As a material implanted in the body, the scaffold must meet the standard of cytotoxicity. The cytotoxicity test in vitro is a fast, standardized, and sensitive method to determine whether the material contains significant amounts of extractable substances that may harm the host. And the results showed that a strong correlation with those in vivo studies of short-term implants (Zhang et al. 2014, 2018). In this study, CCK-8 assay of the proliferation of L929 cells used to determine the cytotoxicity in vitro, which is recommended by the international standardization organization (ISO). There were no significant cytotoxicity of the scaffolds of the GP group and the UV group, while the proliferation of L929 cells was significant influenced by the scaffold of GA group. The cells grew well in the scaffold crosslinked by GP, while the scaffold of NCL group also had an effect on the cells. Maybe the scaffold of NCL group which was lack of stability, dissolve in the culture medium during the extraction. The intrinsic components of the medium were affected, and inhibited the proliferation of the cells.

When scaffolds were implanted in the muscles of rats, the scaffolds crosslinked by GP, UV-irradiation and the NCL showed good histocompatibility while there was inflammatory reaction around the scaffold crosslined by GA. And the scaffolds of GP group and GA group still remained at 4 weeks, while that of UV group and the NCL group have been degraded completely.

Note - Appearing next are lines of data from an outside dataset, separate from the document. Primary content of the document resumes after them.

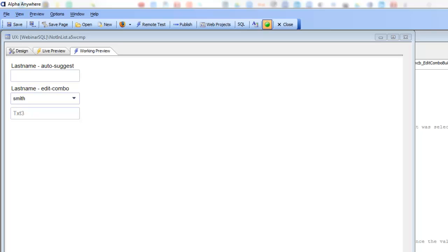In this video we'll take a look at the new On Not In List event that is now available for Auto Suggest controls and Edit Combo controls.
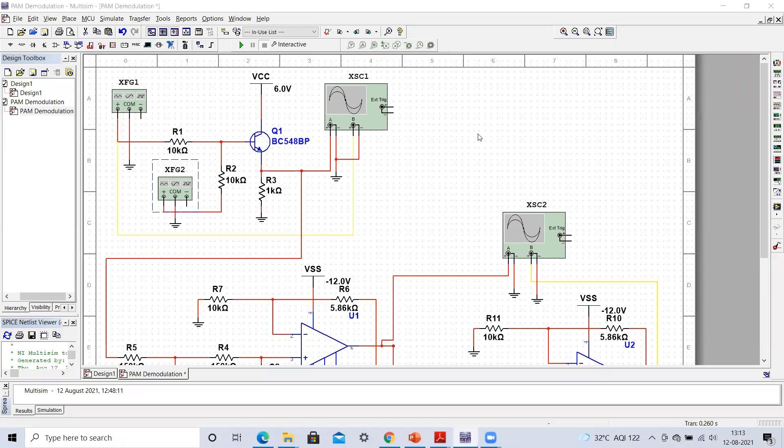Welcome to my YouTube channel. In this video lecture, we are going to see how to demodulate the pulse amplitude modulated signal. In the last lecture, I already explained how to generate a pulse amplitude modulated signal or unipolar sampled signal. Today we are going to see how this pulse amplitude modulated signal can be demodulated and we can recover back our original message signal.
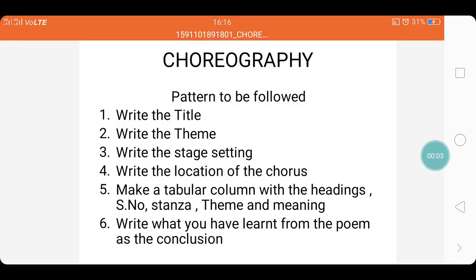Hello children, today we are with the creative writing choreography. Choreography is the action part of a written part — that is, how to make a written part into an action part. This is generally given for poems. This is a paper one scale and it is for 10 marks.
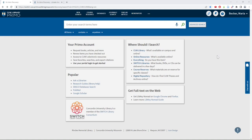To access your library account, click the Sign In button on the top right of the Primo homepage and sign in with your CUW portal login.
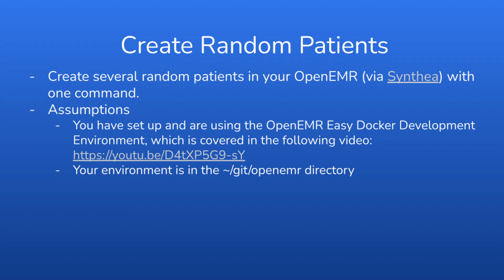The assumptions of this tutorial are that you have set up the OpenEMR Easy Docker Development Environment which is covered in a video linked in this slide. The link will also be placed in the video summary. The environment is in the home backslash git backslash OpenEMR directory.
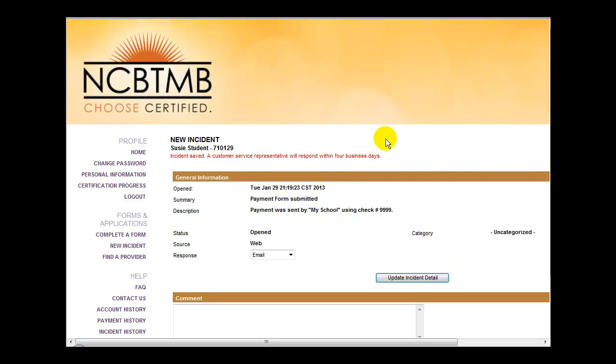The remaining steps will be taken by NCBTMB on the back end and you will receive confirmation at a later date.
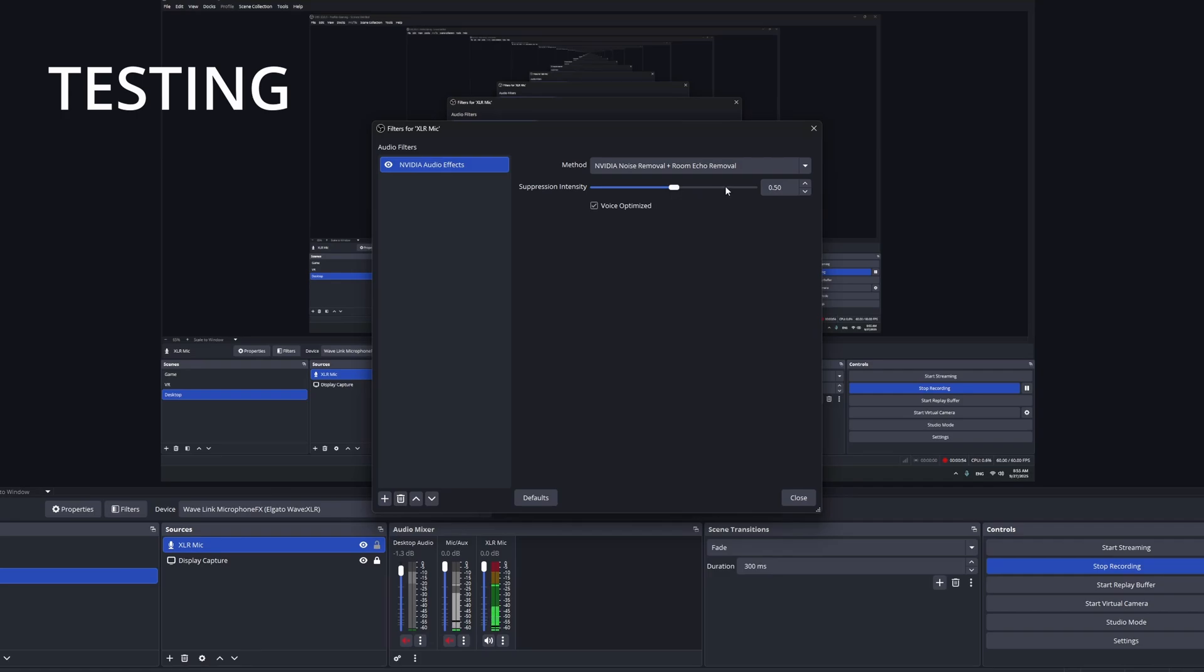All right, let's go to 0.8, speaking and clicking. Now just clicking.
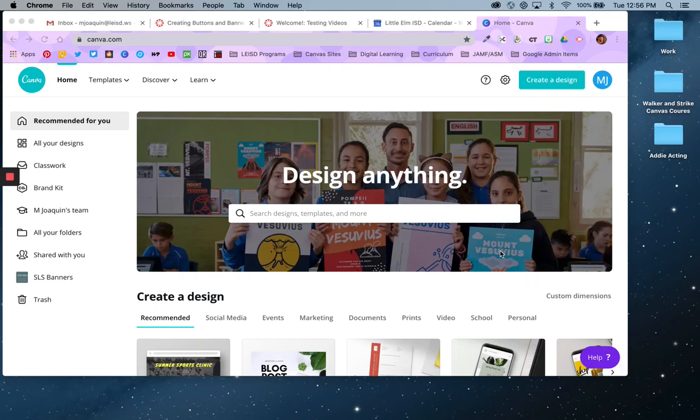Hello Lobos and Canvas learners. In this video, I'm going to show you something a little different. I'm going to show you how I use Canva — C-A-N-V-A — to create the buttons and banners that you see in my courses.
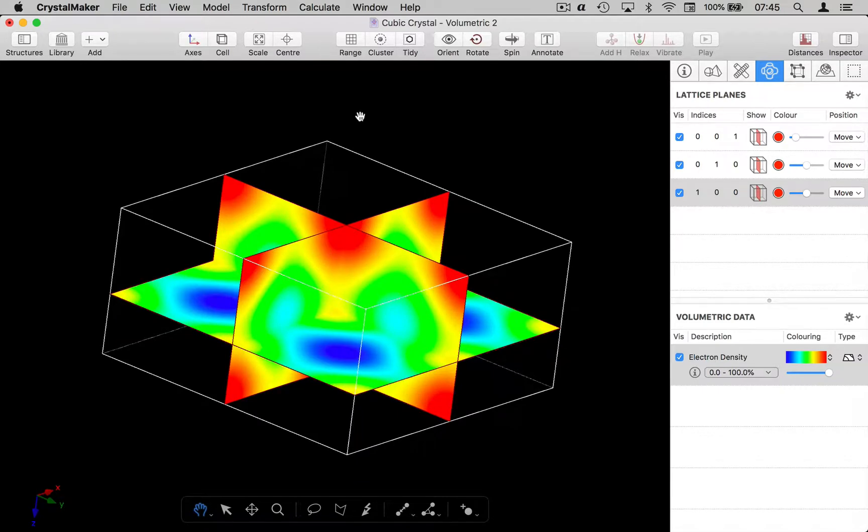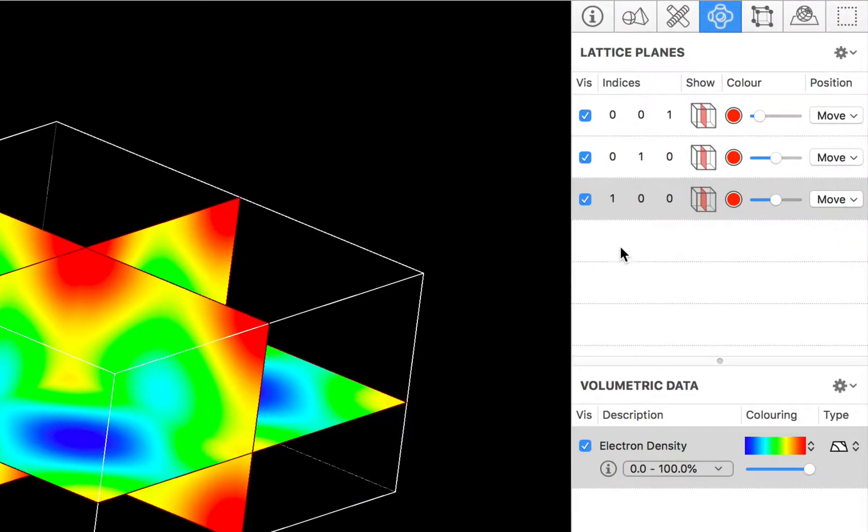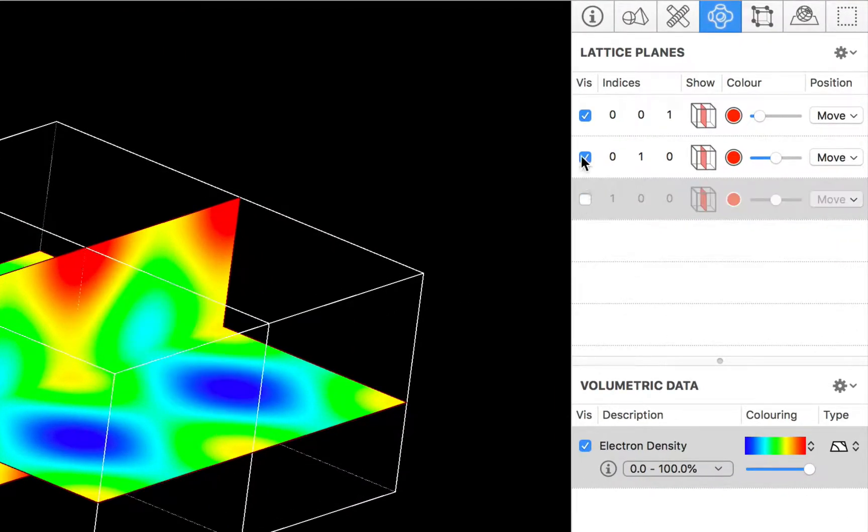Now we can change the way in which our volumetric data are displayed by using the controls in the volumetric data group. So let's just tidy things up for a moment and we're going to hide these three lattice planes.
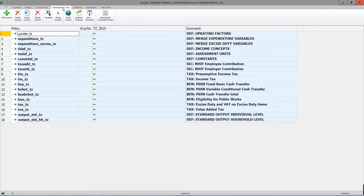If we look at administration tools, the most important there for us is the variables administration tool. The add country, delete country, import country, etc. are much less important. But the variables tool - remember from the last session - is where you add a variable in Euromod format.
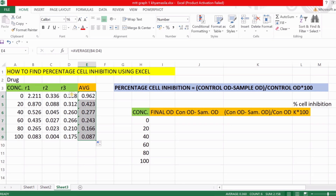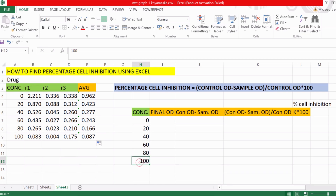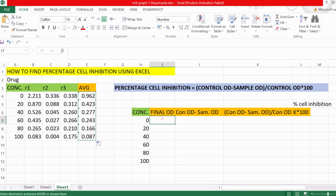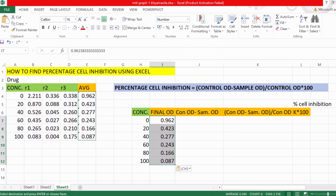Here you can see the concentration column: control, 20, 40, 60, 80, and 100. In the final OD position, we paste these average values. I have divided the formula into three columns: the first is ctrl OD minus sample OD; the second is ctrl OD minus sample OD divided by ctrl OD; and the third column multiplies the whole thing by 100 to find the percentage.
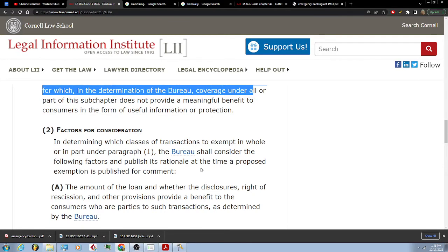For consideration in determining which classes of transaction to exempt in whole or in part under paragraph 1, the bureau shall consider the following factors and publish its rationale at the time a proposed exemption is published for comment.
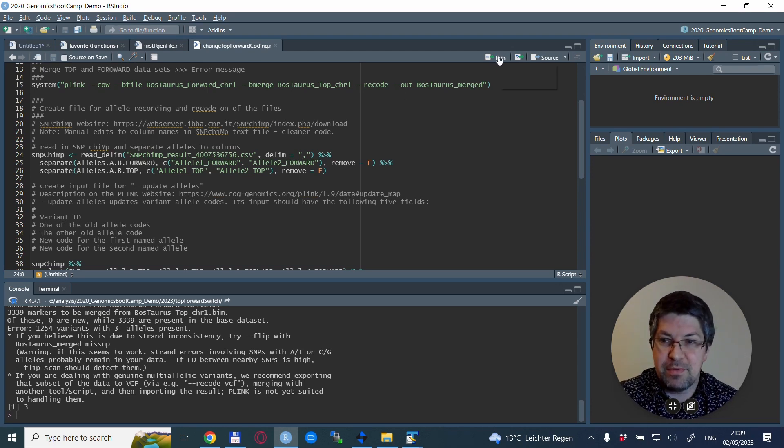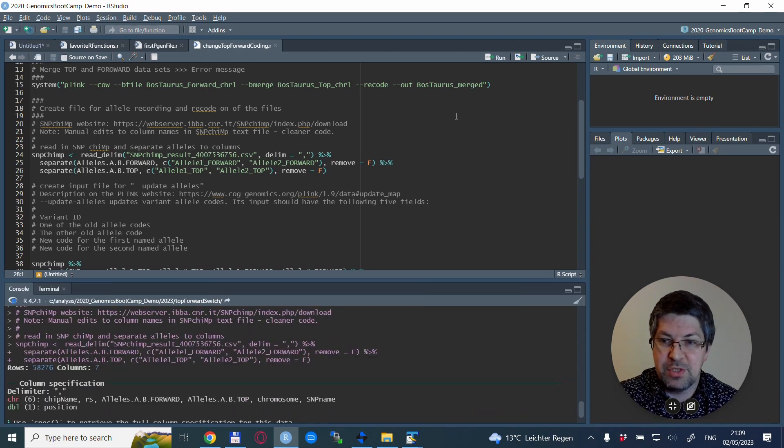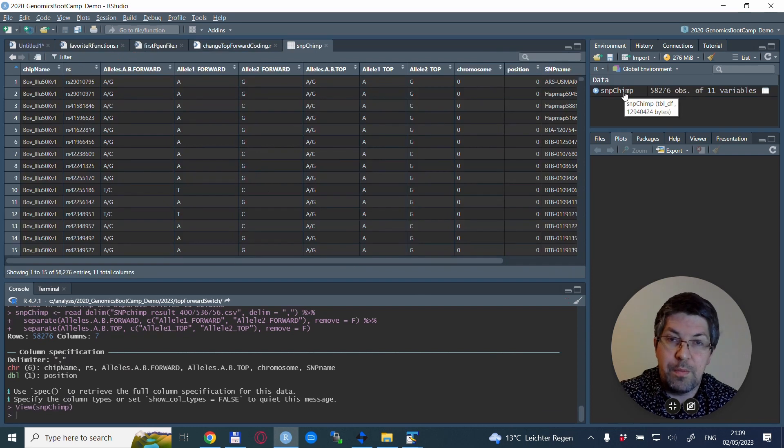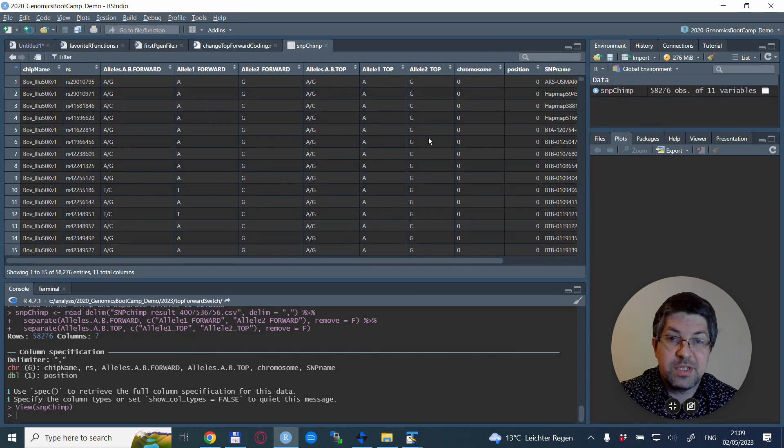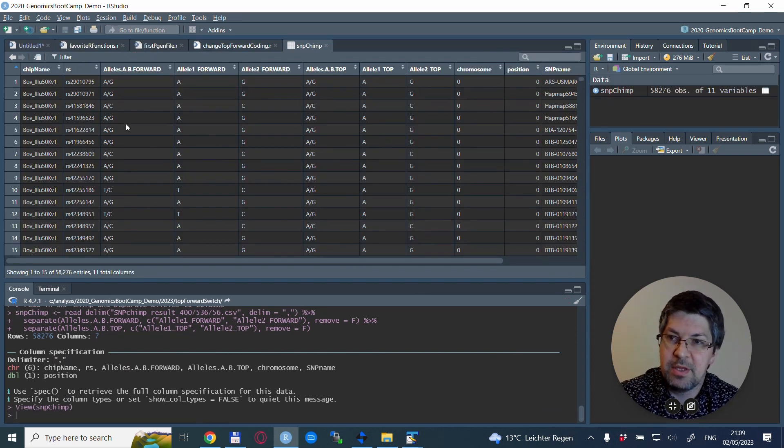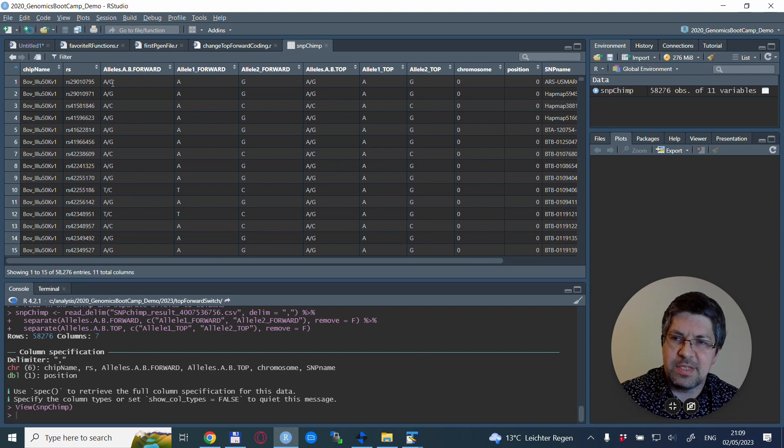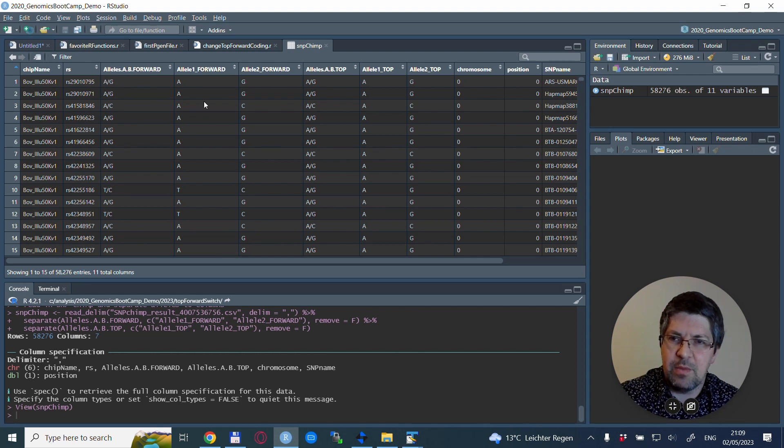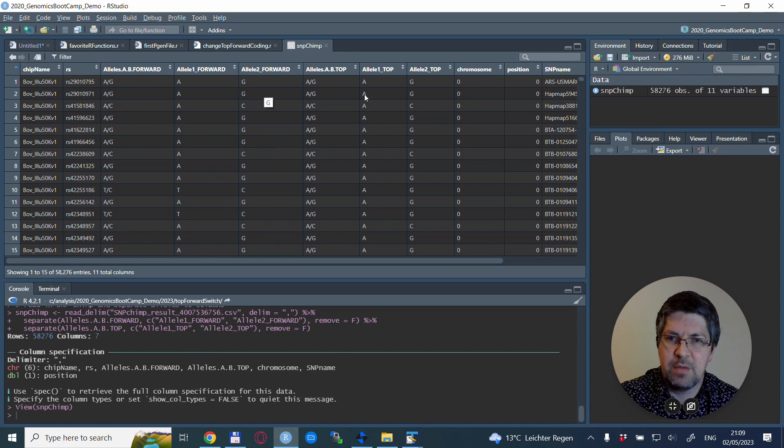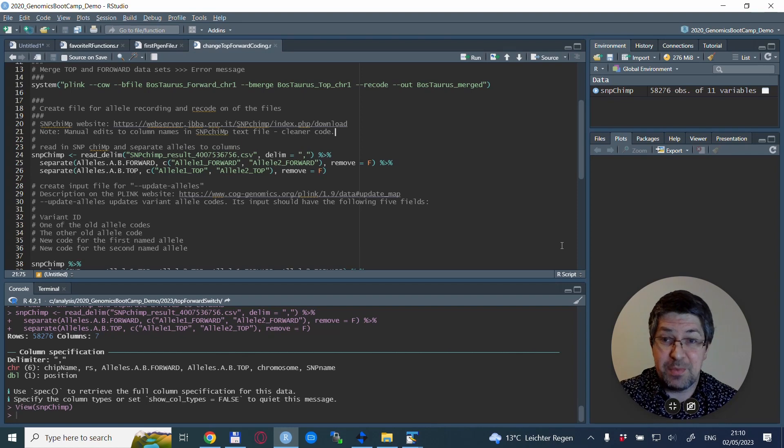We open the result file to see what happened. We had the forward coding and now it's not separated by a slash but the allele one and allele two are in separate columns, and the same thing for the TOP alleles.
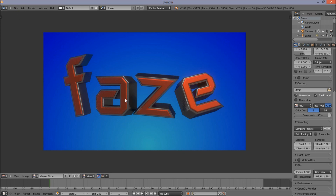Save your file — we're pretty much done making our 3D text. Thanks for watching, and subscribe for more tutorials from Partners in Crime.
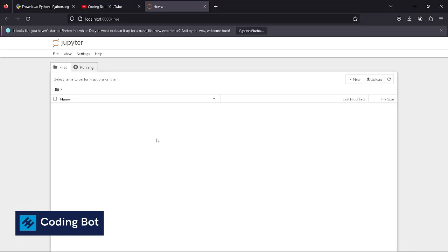This is how we can install Python and Jupyter Notebook for your Windows computer. Give me a thumbs up to this video if you have learned something throughout this video. I will meet you soon in the next video. Bye for now.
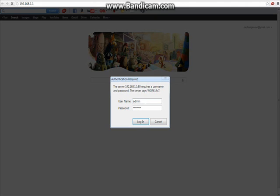The username usually always is admin by default. So you can either try a few combinations. You can try admin and then password is password, or admin nothing, or nothing nothing. But sometimes your password will be changed.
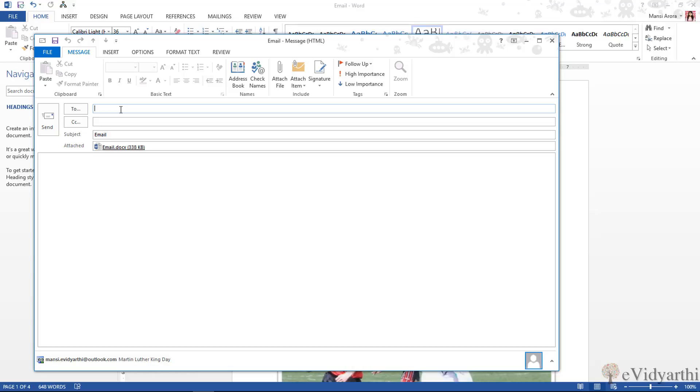All I need to do is type the email ID, or if I want to add a message to this, then I can simply add a message to this, and then I can simply click on send. So you can see this is a very simple way that you can share your document.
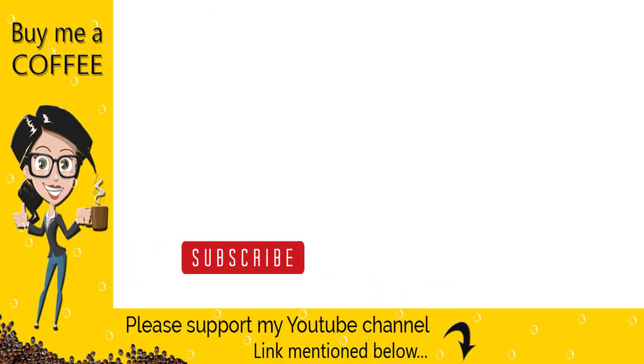With this, we have come to the end of this video. Please subscribe to my channel and click the bell icon to get updates when new content is added. Thank you!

In summary, we used GP, GA and UV-irradiation to crosslink chitosan and NECM in this study. Both GP and GA enhanced scaffold stability in vitro and in vivo, while the effective crosslinking degree of UV is very low. What’s more, the scaffold crosslinked by GP had a lower cytotoxicity and better biocompatibility than that of scaffold crosslinked by GA. To evaluate the feasibility of the NECM/CS crosslinked by GP in treatment of SCI repair, further in vitro and in vivo study is required.

Conclusion

The genipin crosslinked nerve acellular matrix/chitosan scaffold has more excellent microstructure, mechanical properties and biocompatibility, which is the best crosslinking scheme. Then GP was turning to be a safe and effective technology to crosslink nerve acellular matrix/chitosan scaffold.